It could not fail to be a distinct disadvantage for a people of seven or eight million to cut itself off from the opportunities of the environing German culture, science, and commerce, but those who saw this most clearly deliberately assumed the cost in their struggle for the freedom of the spirit. When we remember that prestige was on the side of the German one sees a sacrifice approaching nobility. At the time the Olympic games were being held in Europe and attracting the attention of the world a far more important athletic meet was being held in Prague. This was Slavic in its membership, though Bohemian in its origin. More than twenty thousand persons took part, and at one time eleven thousand men, speaking several different languages, were doing calisthenic exercises together. With the exception of the Poles, who would not come because the Russians were invited, there were representatives of all the Slavic nationalities, and the keynote of every speech was “Slavie! Slavie!” and when it was uttered the crowds would go wild. There were a quarter of a million visitors in the city, and illustrated reports of the exhibition went to the ends of theSlavic world. A few weeks afterwards I saw some of them pasted on the wall of a primitive factory in the back districts of Moscow. But the German papers completely ignored the whole thing and no self-respecting German could attend, though it was undoubtedly the greatest thing of the sort ever held.

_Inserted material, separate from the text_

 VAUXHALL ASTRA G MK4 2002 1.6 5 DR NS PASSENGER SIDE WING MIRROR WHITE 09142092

Two years ago when war was threatening between Austria and Serbia, Bohemians who were being entrained from their garrison for mobilization on the Serbian border, in more than one case sang the Pan-Slavic hymn, “Hej Slované!” familiar to all Slavic nations, but forbidden to Austrian soldiers in service. They used a popular parody in this enthusiastic and powerful hymn, full of encouragement to the Slavs, telling them that their language shall never perish nor shall they “even though the number of Germans equal the number of souls in hell.” It is said that at this time at least seventy thousand Slavs in Austria eligible to military service quit the country.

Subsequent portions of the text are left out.